= Thembisile Hani Local Municipality elections =

The Thembisile Hani Local Municipality is a Local Municipality in Mpumalanga, South Africa. The council consists of sixty-four members elected by mixed-member proportional representation. Thirty-two councillors are elected by first-past-the-post voting in thirty-two wards, while the remaining thirty-two are chosen from party lists so that the total number of party representatives is proportional to the number of votes received. In the election of 1 November 2021 the African National Congress (ANC) won a majority of forty seats.

== Results ==
The following table shows the composition of the council after past elections.

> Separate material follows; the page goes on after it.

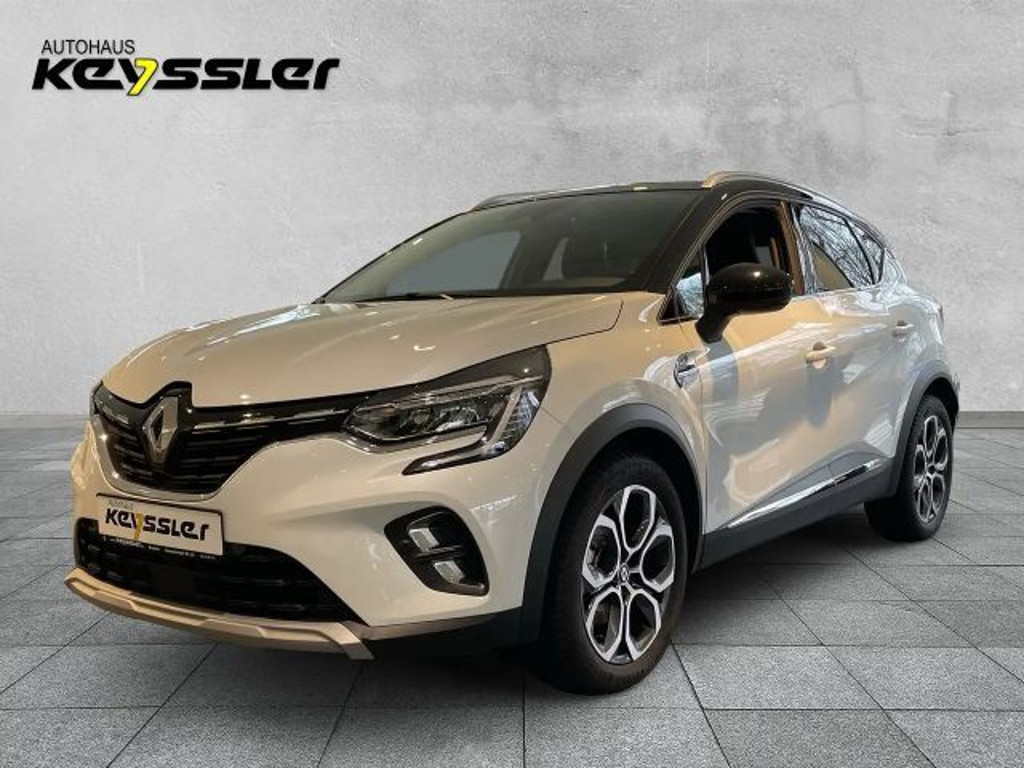 Renault Captur 2023 Hybride Benzine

| Event | ACDP | ANC | DA | EFF | IND | PAC | SPP | Other | Total |
|---|---|---|---|---|---|---|---|---|---|
| 2000 election | — | 54 | 2 | — | 1 | 2 | — | 1 | 60 |
| 2006 election | 1 | 50 | 4 | — | 2 | 1 | 1 | 1 | 60 |
| 2011 election | 1 | 51 | 4 | — | 1 | 1 | 4 | 2 | 64 |
| 2016 election | 0 | 49 | 3 | 9 | 0 | 0 | 1 | 2 | 64 |
| 2021 election | — | 40 | 4 | 12 | 2 | — | 1 | 5 | 64 |

==December 2000 election==

The following table shows the results of the 2000 election.

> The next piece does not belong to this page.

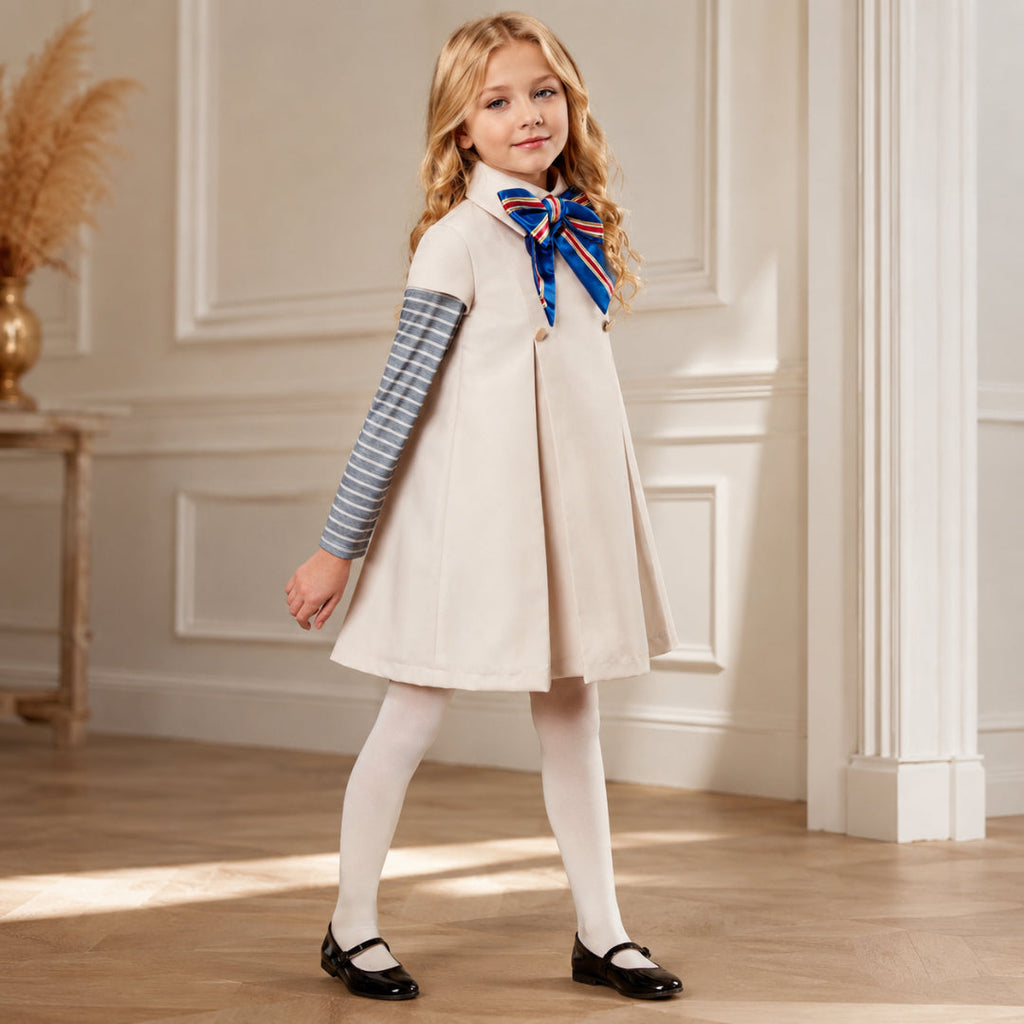 Halloween Costumes Horror Doll Dress Party Outfit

| Party |  | Ward |  |  | List |  |  | Total seats |
| Votes | % | Seats | Votes | % | Seats |
|  | African National Congress | 33,206 | 83.19 | 29 | 35,509 | 90.54 | 25 | 54 |
|  | Independent candidates | 4,260 | 10.67 | 1 |  |  |  | 1 |
|  | Democratic Alliance | 1,400 | 3.51 | 0 | 1,504 | 3.83 | 2 | 2 |
|  | Pan Africanist Congress of Azania | 830 | 2.08 | 0 | 1,482 | 3.78 | 2 | 2 |
|  | Inkatha Freedom Party | 180 | 0.45 | 0 | 723 | 1.84 | 1 | 1 |
|  | United Democratic Movement | 40 | 0.10 | 0 |  |  |  | 0 |
| Total |  | 39,916 | 100.00 | 30 | 39,218 | 100.00 | 30 | 60 |
| Valid votes |  | 39,916 | 96.56 |  | 39,218 | 95.82 |  |  |
| Invalid/blank votes |  | 1,424 | 3.44 |  | 1,711 | 4.18 |  |  |
| Total votes |  | 41,340 | 100.00 |  | 40,929 | 100.00 |  |  |
| Registered voters/turnout |  | 102,238 | 40.44 |  | 102,238 | 40.03 |  |  |

==March 2006 election==

The following table shows the results of the 2006 election.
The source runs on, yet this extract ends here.